The book really fails to live up to its summary. It mostly focuses on heterosexual relationships and any actual romance between Kini and Theo only happens within the last few pages. But, it is a faithful retelling of Emma. However, certain outdated plot points do not translate well. This novel also doesn’t improve on aspects of the original story that didn’t work. The plot is slow and uninteresting. There are several twists that are insufficiently resolved while the underdeveloped characters often act implausibly. Theo’s friendship with her childhood friend Austin is unrealistic. Although she hasn’t seen him in decades, she is obsessed with the old-fashioned belief that they will be best friends and get together because their fathers liked the idea of them as a couple.
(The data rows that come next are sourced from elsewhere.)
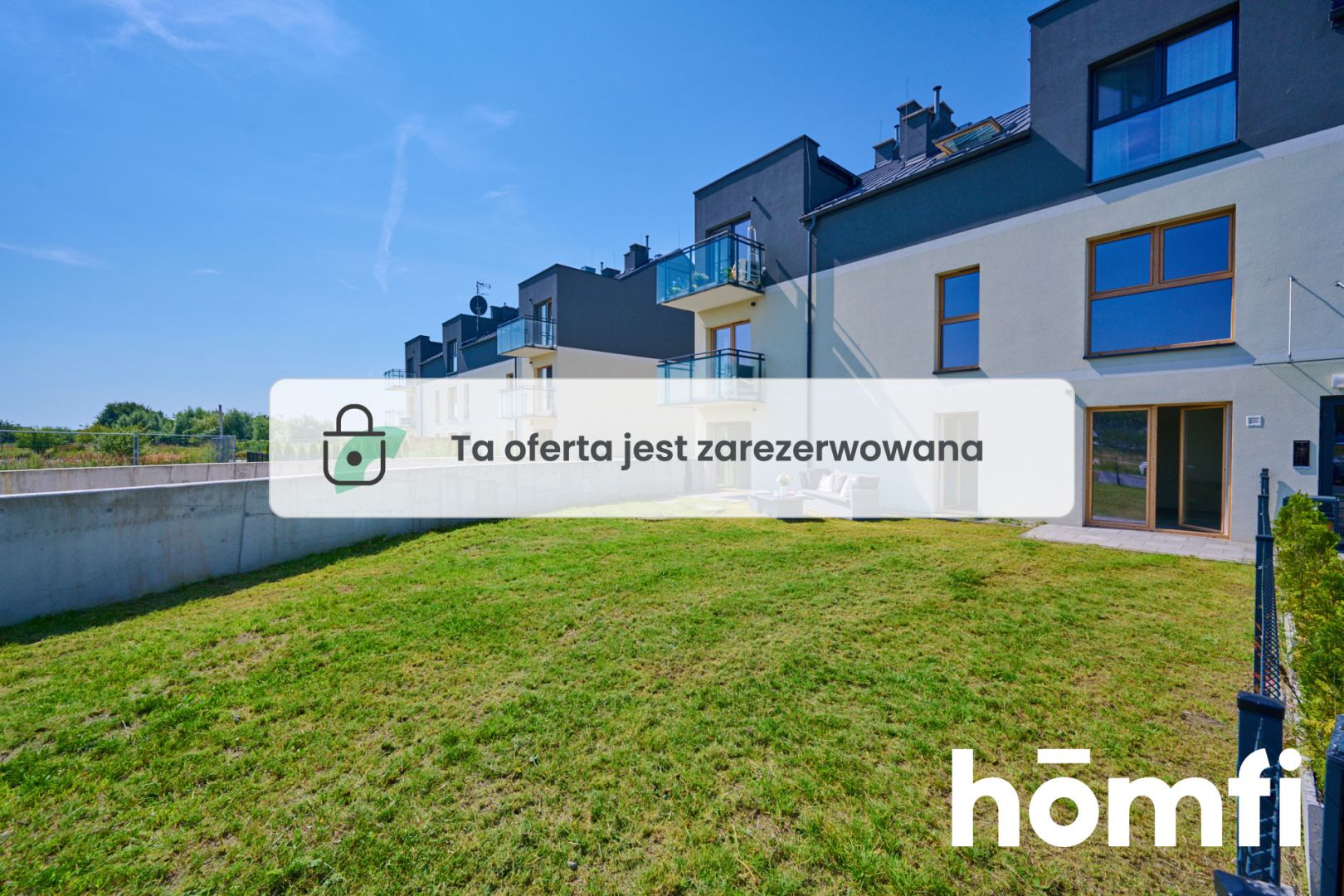 3 POKOJE | DWA OGRÓDKI | BROCHÓW - Mieszkanie - Sprzedaż - Wrocław, Krzyki / Brochów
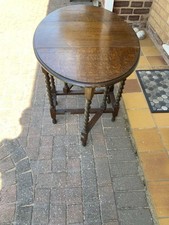 Antique solid oak for sale  REDDITCH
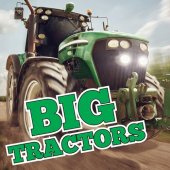 book Big Tractors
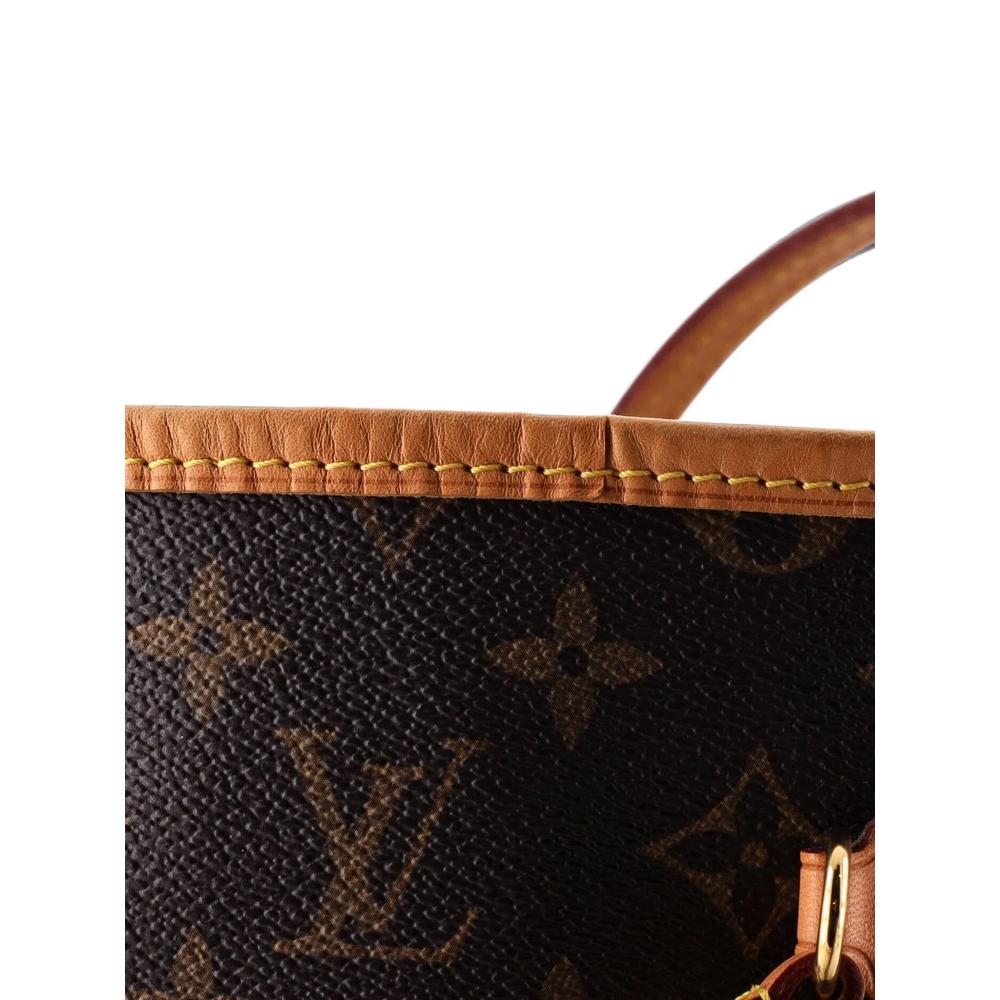 Neverfull NM Monogram Canvas GM tote bag 6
The romance between Kini and Theo is unconvincing. The familial nature of their relationship is constantly reiterated as Kini often acts like a mother or an older sister to Theo. Although the age gap isn’t an issue, their supposed interest in each other is puzzling because Theo is immature while Kini is wise and reserved. They have no chemistry together. Furthermore, Theo only realizes that she is in love with Kini near the bitter end of the book. Parker rushes towards a happy ending without sufficiently building a tangible romantic connection.

Moreover, while I understand that sexuality is fluid and labels can be restrictive, readers may find certain aspects of this book problematic. The way that the book handles Theo’s sexuality and her obsession with Austin as a potential future husband can be reflective of the stereotypical belief that lesbians simply haven’t found the right man yet.

I was really disappointed with If I Loved You Less. While I love the beautiful Hawaiian setting, the plot dragged and the unconvincing romance is almost blink and you’ll miss it. The book had a lot of potential but it just misses the mark.